Хотя, как позднее показала история, судьба полтавского Кобзаря не была легкой: во время немецкой оккупации города фашисты, не углубляясь в детали, едва не уничтожили монумент, ошибочно приняв Шевченко за враждебного им коммунистического вождя Ленина. Да и в послевоенное время поврежденный памятник украинскому поэту, из которого торчали куски арматуры, не был в большом почете. Советская власть не спешила его восстанавливать не только из-за того, что Полтава вроде бы благосклонно встретила гитлеровскую армию, но и потому, что сам стиль выполнения, по словам Никиты Хрущева, был непонятен народу. Следовательно, руководитель Советской Украины, который приезжал в город в октябре 1947 года, предложил оставить памятник как красноречивое свидетельство фашистского вандализма и создать что-то похожее на бронзового киевского Кобзаря (воспоминания об этом сюжете оставил бывший главный зодчий Полтавы Лев Вайнгорт в «Записках провинциального архитектора», где есть небольшой раздел «Встреча с Хрущевым»). Впрочем, новый «правильный» монумент поэту в Полтаве так и не возвели, однако и старый около десяти лет не спешили реставрировать, а его сумского «побратима» — во время борьбы с формализмом в искусстве — вообще демонтировали в 1960-х годах. Пытаясь спасти свое полтавское детище, Кавалеридзе предлагал заменить его бронзовым, соответствующим полтавскому, и даже выделил на это 100 тысяч рублей. Однако, к счастью, аутентичного конструктивистско-кубистского Кобзаря таки удалось сохранить. Возможно, не последнюю роль в этом деле сыграл один из местных компартийных «боссов» — Максим Онипко, который не был совсем лишен украинских сантиментов и способствовал восстановлению памятника.
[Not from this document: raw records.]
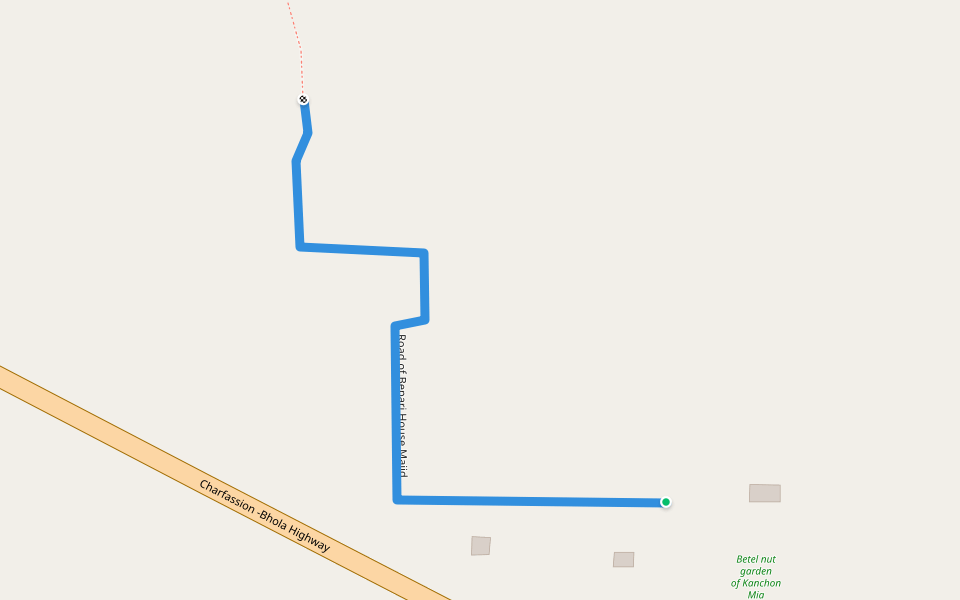 Road of Bepari House Majid walking route map in South Dighaldi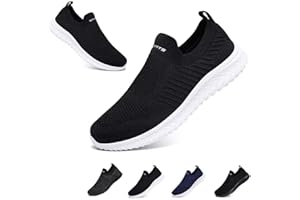 HANANI Mens Womens Slip On Trainers Casual Nordic Walking Shoes Breathable Running Shoes Nurse Work Shoes Lightweight Tennis Shoes Soft Mesh Gym Workout Sneakers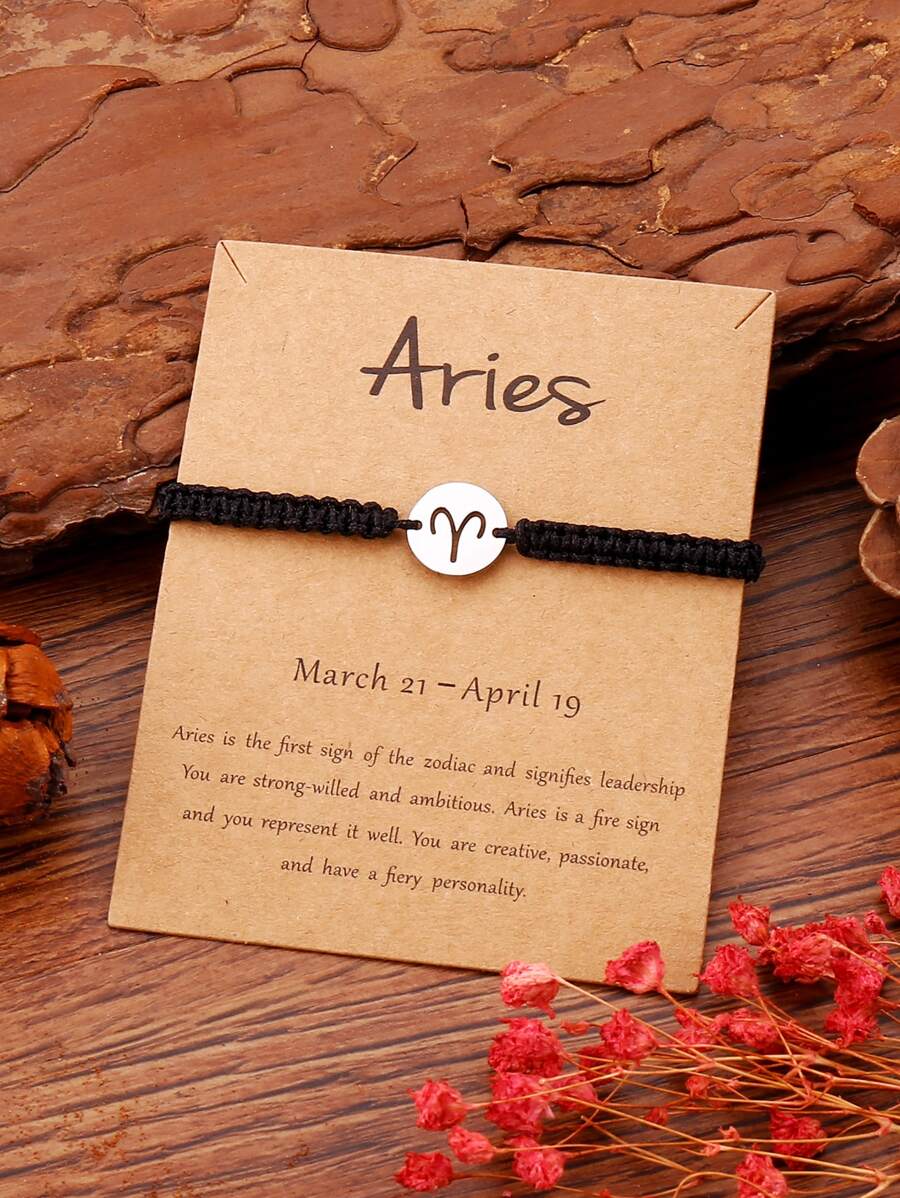 Biểu tượng Bạch Dương Chi tiết Vòng trang trí Vòng tay - màu đen - Xem 1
Несмотря на то, что Шевченко хорошо вписали в советский идеологический контекст, он так и не стал для системы действительно «своим». Его почитали скорее ритуально, чем по зову сердца. Цветы у подножия монумента можно было увидеть разве что 9 марта, в день рождения поэта, или после какой-то научной конференции по гуманитарным вопросам. Тогда как появляться у памятника в день перезахоронения Шевченко, 22 мая, было категорически запрещено и опасно, за чем пристально следил недремлющий глаз спецслужбы. Ослабление этих тенденций произошло только в конце 1980-х — начале 1990-х, когда по Украине прокатилась новая волна национального возрождения. Обретение независимости сделало нормой встречи и официальные торжества у Кобзаря, который остается мощным символом неискоренимого украинского духа Полтавы и, конечно, является одним из наиболее интересных монументов города.